EXERCISE MATERIAL:
----

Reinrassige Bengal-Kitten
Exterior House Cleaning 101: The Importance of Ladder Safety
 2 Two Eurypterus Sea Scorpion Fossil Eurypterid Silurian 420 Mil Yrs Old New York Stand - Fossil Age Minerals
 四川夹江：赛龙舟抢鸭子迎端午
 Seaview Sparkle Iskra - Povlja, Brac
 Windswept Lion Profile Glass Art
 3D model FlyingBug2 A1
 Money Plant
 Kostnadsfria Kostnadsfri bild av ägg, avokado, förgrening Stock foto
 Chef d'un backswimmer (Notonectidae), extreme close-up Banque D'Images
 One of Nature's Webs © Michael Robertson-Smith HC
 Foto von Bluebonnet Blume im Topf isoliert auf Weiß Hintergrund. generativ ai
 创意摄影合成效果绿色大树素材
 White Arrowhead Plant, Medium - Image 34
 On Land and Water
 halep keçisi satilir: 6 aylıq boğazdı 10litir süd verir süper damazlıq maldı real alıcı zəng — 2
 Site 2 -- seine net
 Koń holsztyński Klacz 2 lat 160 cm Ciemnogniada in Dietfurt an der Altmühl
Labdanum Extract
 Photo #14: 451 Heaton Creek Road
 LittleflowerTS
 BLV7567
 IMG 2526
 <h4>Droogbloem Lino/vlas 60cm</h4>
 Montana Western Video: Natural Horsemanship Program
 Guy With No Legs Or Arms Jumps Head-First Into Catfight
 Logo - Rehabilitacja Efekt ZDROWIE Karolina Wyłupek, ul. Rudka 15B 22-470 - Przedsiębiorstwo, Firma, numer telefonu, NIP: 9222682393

----

WHAT TO PRODUCE:
Locate the line that contains "Photo #14: 451 Heaton Creek Road", then please quote it and every line after it to the end of the entries above, exactly and with nothing else.

WRITTEN ANSWER:
 Photo #14: 451 Heaton Creek Road
 LittleflowerTS
 BLV7567
 IMG 2526
 <h4>Droogbloem Lino/vlas 60cm</h4>
 Montana Western Video: Natural Horsemanship Program
 Guy With No Legs Or Arms Jumps Head-First Into Catfight
 Logo - Rehabilitacja Efekt ZDROWIE Karolina Wyłupek, ul. Rudka 15B 22-470 - Przedsiębiorstwo, Firma, numer telefonu, NIP: 9222682393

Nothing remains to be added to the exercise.